In patients with infrequent symptoms of palpitations and dizziness, 24-hour Holter monitoring is of low diagnostic yield. The use of patient-activated event monitoring allows symptom correlation with detected arrhythmias that are clinically significant. However, the optimal duration of monitoring remains unclear and varies between studies.
What does this study add?
This study demonstrates that patient-activated ambulatory ECG monitoring was able to pick up an arrhythmic event in most symptomatic patients within the first 3 days, with all clinically significant events detected within 14 days of monitoring. Monitoring beyond 2 weeks might not increase diagnostic yield significantly in symptomatic patients.
How might this impact on clinical practice?
Patient-activated ambulatory ECG monitoring for 7 days, up to a maximum of 14 days, may be sufficient in the diagnostic evaluation of patients with palpitations or giddiness. In the subset of patients with pre-existing atrial fibrillation, arrhythmias or previous abnormal ambulatory monitoring, an even shorter duration of monitoring may suffice when assessing for recurrence of symptomatic arrhythmias.
Introduction
Palpitations and dizziness are common presentations in the outpatient setting and emergency department (ED). The estimated prevalence of clinical visits for palpitations ranges from 8.3%1 to 5.8 per 1000 ED visits.2 The transient nature of these symptoms and ECG changes mean that a large proportion of arrhythmias remain undetected when patients present to an ECG-capable facility. In patients with infrequent symptoms, 24-hour to 48-hour Holter monitoring has a poorer diagnostic yield compared with other forms of prolonged monitoring.3 4
The utility of patient-activated event recorders in the detection of arrhythmic causes of infrequent palpitations and giddiness is widely recognised,5 6 with leadless devices gaining popularity due to their ease of use and improved patient compliance.6 7 The use of ambulatory patient-operated ECG device without supervision by healthcare personnel for arrhythmia detection had been previously validated.6 The clinical significance of arrhythmia detection lies in its therapeutic implications, with atrial fibrillation (AF), atrial flutter, supraventricular tachycardia, ventricular tachycardia (VT), sinus pause and atrioventricular block all necessitating different treatment strategies.

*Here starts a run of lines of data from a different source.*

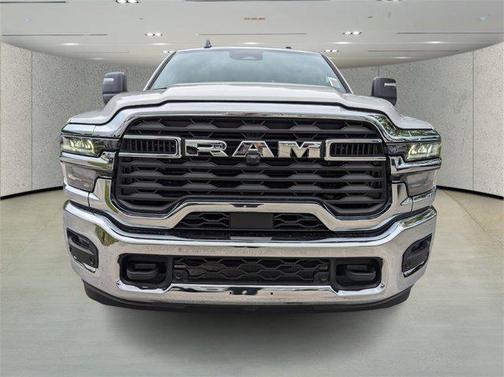 2025 RAM 2500 Tradesman Crew Cab 4x4 6'4' Box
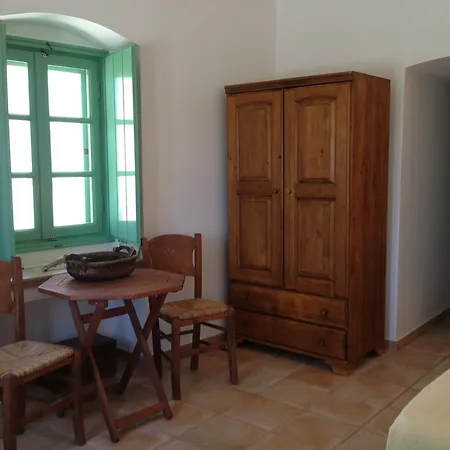 Guest house Lemonia - 4*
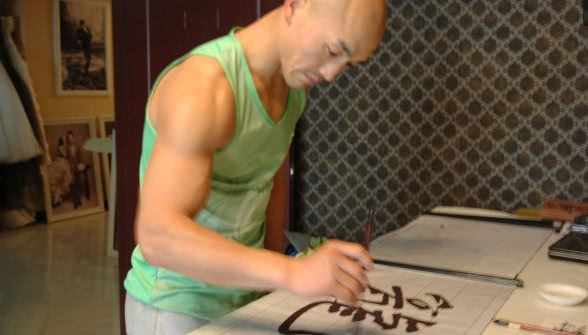 被逼发威的职业选手发声明：健身教练激怒我出手，才将他打挺在地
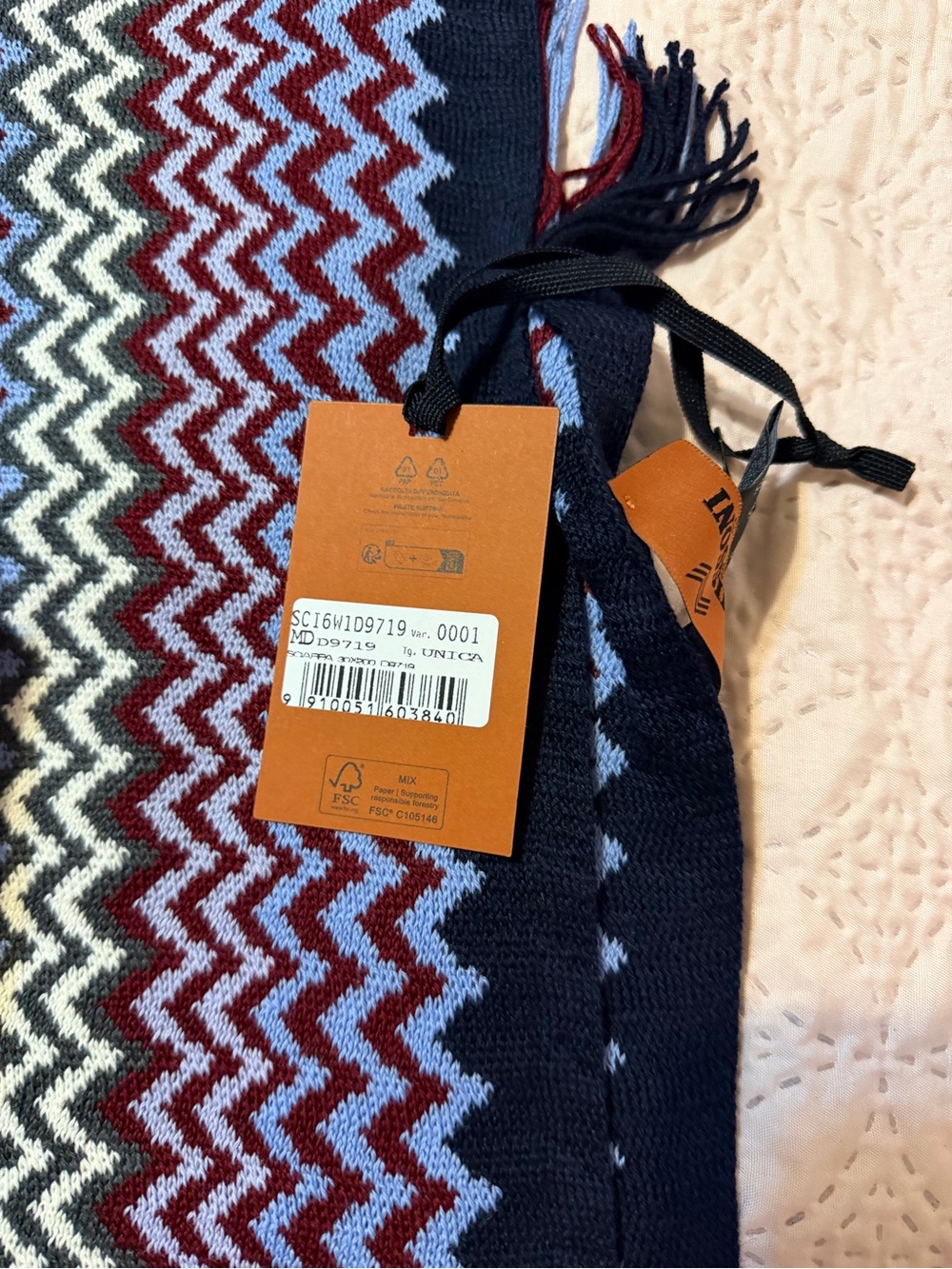Missoni Zigzag Knit Scarf in Navy, Light Blue, Burgundy, White
New with tags - Picture 2 of 3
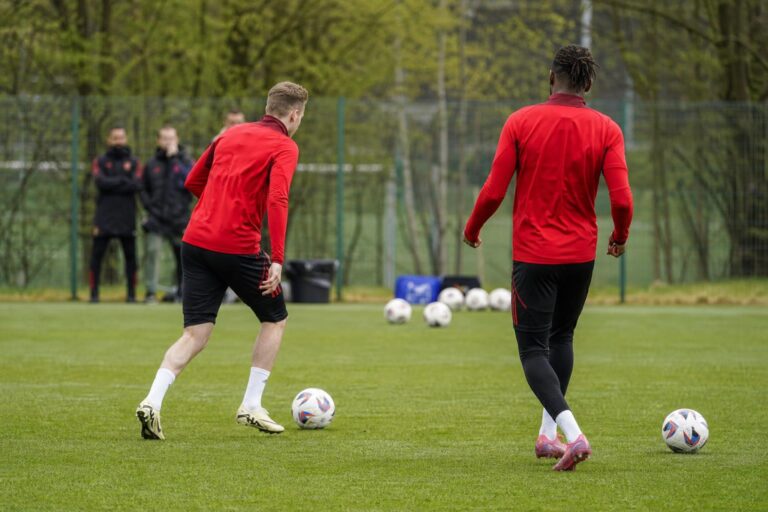 Trainingssfeer bij de Rode Duivels in Tubeke zonder herkenbare gezichten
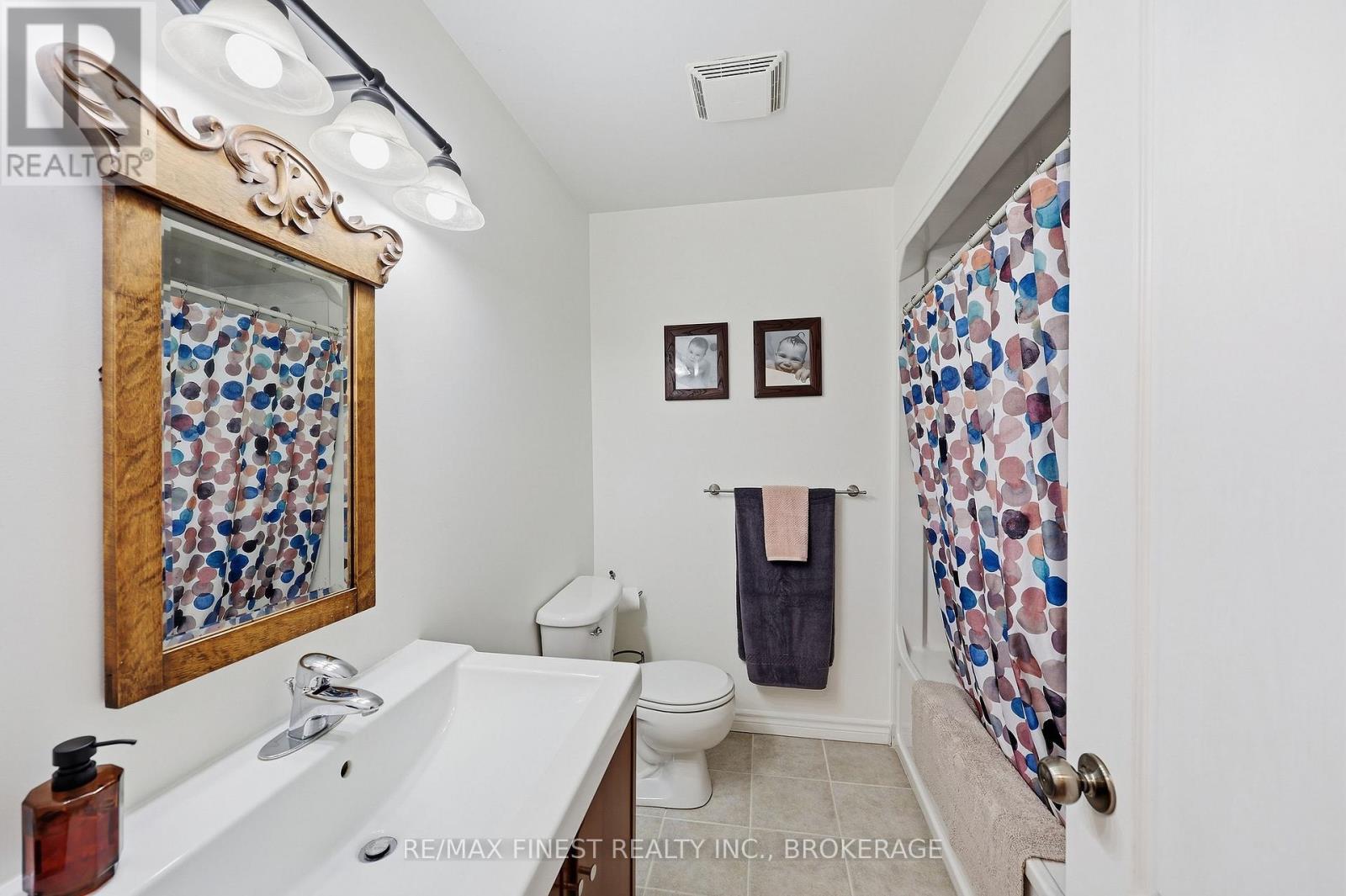 4404 Ashwood Drive Property Photo 21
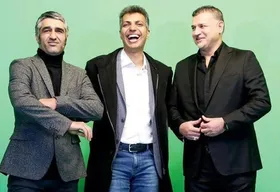 کل کل پژمان جمشیدی با علی دایی سر پاس گل دادن!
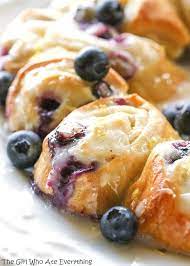 Blueberry Lemon Crescent Ring The Girl Who Ate Everything Recipe Blueberry Recipes Breakfast Brunch Recipes Pillsbury Crescent Roll Recipes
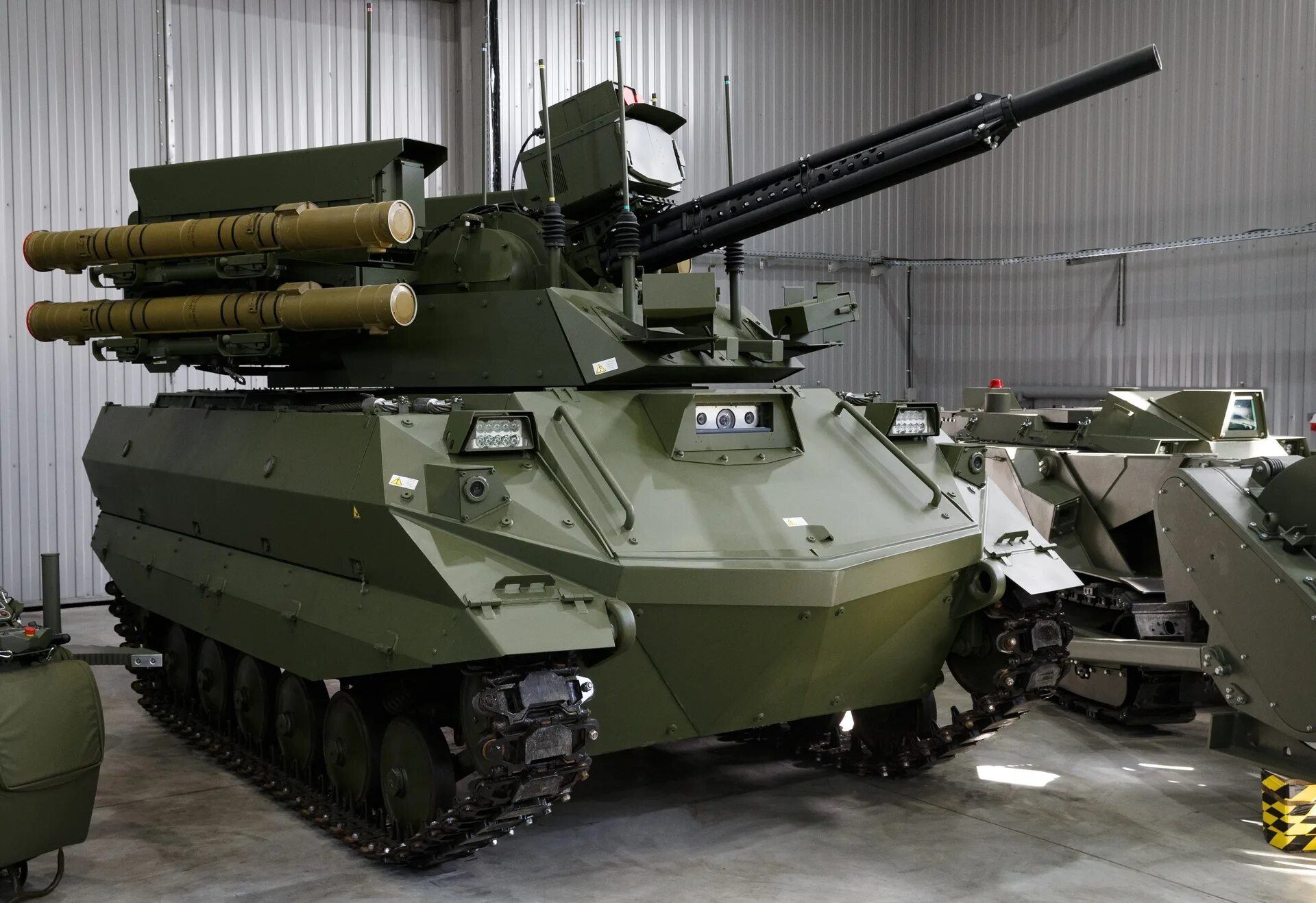 Робот уран-9. Боевой робототехнический комплекс "уран-9". Боевой робот уран-9. Бмрк «уран-9». Боевой робот уран-9.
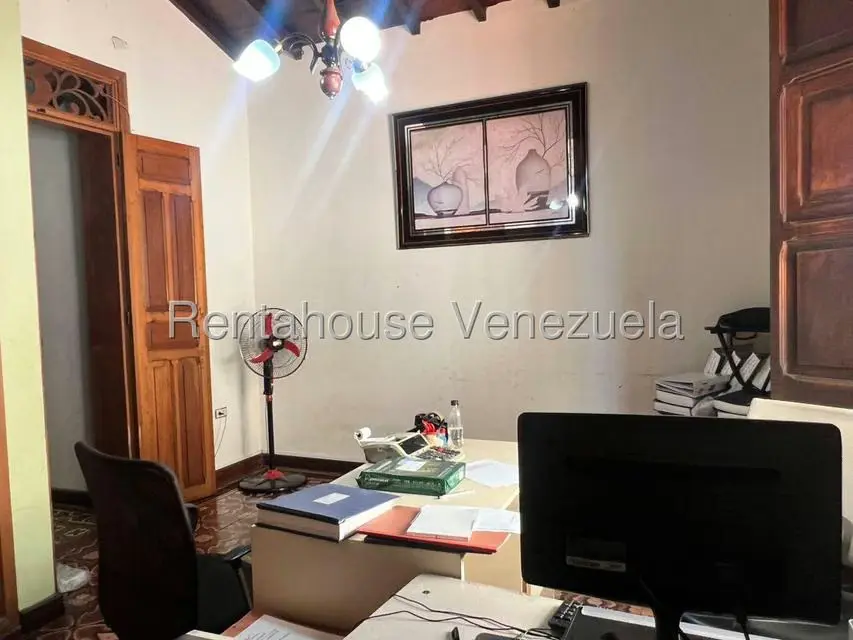 Local Comercial en Venta en Centro, Lara - 32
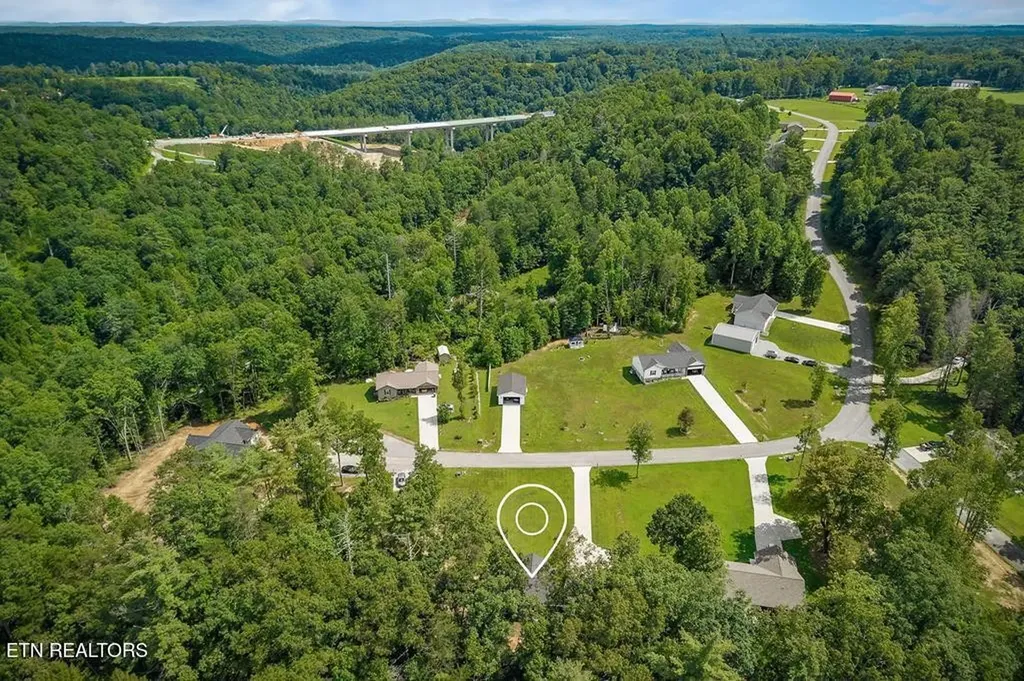 469 Ferry Bend Trail Crossville TN 38571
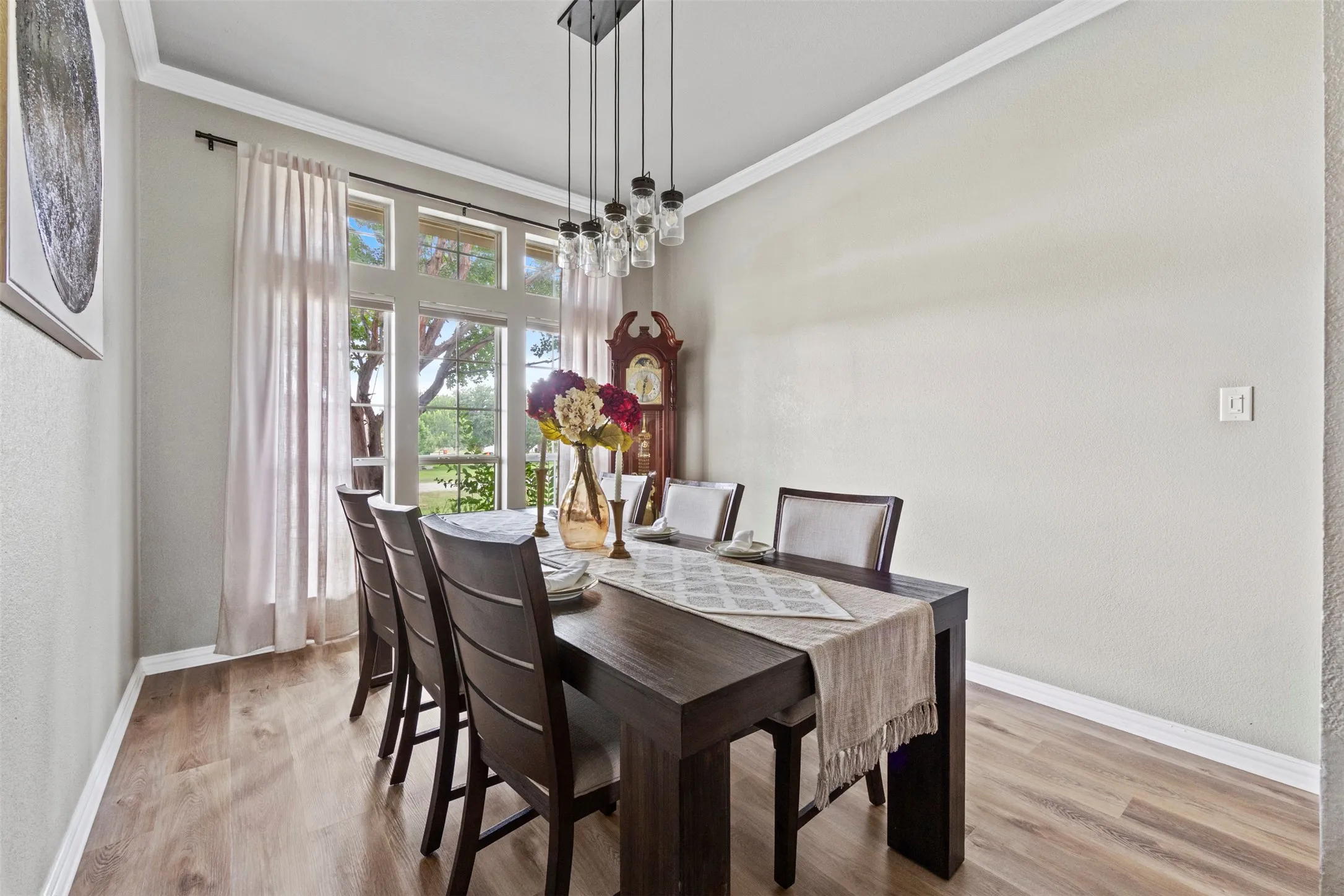 Single Family Residence For Sale in Johnson County , 3909 Timbercrest Drive E, Burleson, Texas 76028, 3 Bedroom, 2 Bathroom, 3 Garage spaces, 1,900 Sqft, built in 2000, mls#21298039, Real Estate Agent in Burleson, Homes For Sale in Johnson county, Homes For Sale in Burleson, Realtor in Burleson Texas, Real Estate Brokerage Independent Realty Texas, Luminita Cordes Realtor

Monitoring periods of ≤14 days7 as opposed to a minimum of 2 weeks8 have been suggested, but the optimal duration remains unclear. In this study, we seek to determine the optimal duration of patient-activated ambulatory ECG monitoring and the predictors of detecting a clinically significant arrhythmic event.
Methods
Study population
Participants included in this study were patients who had presented to cardiology clinic from 2013 to 2016, with symptoms of palpitations and dizziness occurring less than once per week. As part of their diagnostic workup, patients were monitored on the patient-activated handheld ECG monitoring device (REKA E100, REKA, Singapore). All patients monitored with the handheld ECG monitoring device were included only if they were above 21 years of age and were symptomatic at presentation. Baseline demographics, clinical history and resting 12-lead ECGs were obtained at the index clinic visit or inpatient hospital admission.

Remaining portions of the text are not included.